Schema University

What do we care about?

Generally, we care where something is, what it is, and how it relates to other things.

Labels and Attributes are the tools we use to express “What” something is. In the next section, I will introduce Spatial types to discuss Where something is.

The concept of representing What something is can expand with near-infinite complexity. Whereas the spatial location aspects generally have more obvious limits to their expansion. In other words getting the What right is a greater ongoing challenge than the mechanical specifics of Where something is in a document or image.

Introduction To Labels

Labels are the “top-level” semantic meaning. In the base cases, they may represent only themselves. Eg a label “car” may map to literally “car”. In most cases, Labels organize a set of attributes.

For technical readers, to help ground this idea, I like to compare it to SQL design, as you can see in Table 3-1.

Intuitive ConceptTraining DataSQL
SetLabelTable
AttributeAttributeColumn

Table 3-1: Comparison to SQL

Of particular note here, Tables don’t usually have a “Type” where Columns of course do. In this same sense, a Label doesn’t have a type where as Attributes do have types. Another way to think of a Label is like a folder or set of attributes.

Interestingly, in E.F. Codd’s “The Relational model for Database Management”, he mentions that Columns were originally thought of as Attributes. While far from a perfect analogy it helps convey the general idea. Continuing that line of thought, Attributes can be shared between Labels, which is roughly analogous to Foreign keys.

When an end user is annotating, organizing sets of attributes into labels also can help hide irrelevant options. For videos, labels help constrain relationships and organize sequences.

It’s expected that some of the specific organizational principles discussed here will be implementation specific and change over time. In general, the broad strokes will be similar. As this new area of Training Data continues to be refined, standards will continue to evolve.

Next, we will talk about Attributes, which is where the bulk of the Schema definition usually lives.

Attributes Introduction

Attributes represent the bulk of the “What is it”. The heart of the human encoded meaning and the technical definition. Attributes are usually defined to include, at minimum, the following structures: The human question or prompt, form type, and technical constraints. This set of human and machine definitions together makes one “Attribute”.

Training Data Attributes may appear superficially simple or similar to other technologies, however, in practice there is a lot of complexity at this intersection of both human and machine-centered definitions.
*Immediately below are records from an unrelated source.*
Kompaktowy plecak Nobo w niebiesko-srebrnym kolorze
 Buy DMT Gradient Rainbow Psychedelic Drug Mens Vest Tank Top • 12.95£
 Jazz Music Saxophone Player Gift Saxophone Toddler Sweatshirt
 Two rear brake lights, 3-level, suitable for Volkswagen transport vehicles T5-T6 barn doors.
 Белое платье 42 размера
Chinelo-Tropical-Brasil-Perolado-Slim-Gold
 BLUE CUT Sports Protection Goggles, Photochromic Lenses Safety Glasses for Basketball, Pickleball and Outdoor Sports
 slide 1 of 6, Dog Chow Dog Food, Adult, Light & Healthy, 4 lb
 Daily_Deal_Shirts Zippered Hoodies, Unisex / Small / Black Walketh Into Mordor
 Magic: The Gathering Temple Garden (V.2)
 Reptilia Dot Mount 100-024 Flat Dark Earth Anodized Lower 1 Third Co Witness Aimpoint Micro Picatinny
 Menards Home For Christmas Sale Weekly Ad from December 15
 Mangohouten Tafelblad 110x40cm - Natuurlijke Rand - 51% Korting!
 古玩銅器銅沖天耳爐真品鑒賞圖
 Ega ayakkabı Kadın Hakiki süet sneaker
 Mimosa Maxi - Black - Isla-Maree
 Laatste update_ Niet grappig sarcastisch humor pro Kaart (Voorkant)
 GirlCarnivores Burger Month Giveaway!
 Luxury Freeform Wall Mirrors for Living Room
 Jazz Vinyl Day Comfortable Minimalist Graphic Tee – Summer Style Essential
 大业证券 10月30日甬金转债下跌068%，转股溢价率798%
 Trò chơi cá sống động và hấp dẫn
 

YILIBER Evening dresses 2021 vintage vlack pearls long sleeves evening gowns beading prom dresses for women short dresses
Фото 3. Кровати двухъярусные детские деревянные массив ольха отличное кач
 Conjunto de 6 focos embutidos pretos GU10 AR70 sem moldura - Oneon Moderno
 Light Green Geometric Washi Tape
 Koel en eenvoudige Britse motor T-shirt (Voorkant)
In the same way that Training Data is a combination of raw data and human-defined meaning, Attributes are a combination of technical definitions and human centered definitions. In order to be useful for Machine Learning, both the technical definition and the human definition are needed. Attributes are the joint representation of those two things.

More technically speaking, Attributes can be thought of as well-defined Forms or as “Data Classes meet UI specifications”. One way to wrap your head around this is to think of a spectrum between Forms and Classes and put Attributes somewhere on that spectrum. A Form can be arbitrarily complex but usually isn’t thought of as having defined Types, like a Class. Further while the implementation of a Form may have validation, it’s usually end user validation, not a formal database Constraint. Because the Training Data is relied upon by the ML program, and is usually expected to be queryable, Attributes have more “structure” than a typical Form. Conversely, due to the expectations of Human control, Attributes usually have an flair of “form like” behavior, more than a typical programming Class or database Table definition would have.

In practice, Attributes fill a need for Training Data that is distinctly different from other technologies. As this area continues to evolve, I expect that Attributes will continue to expand.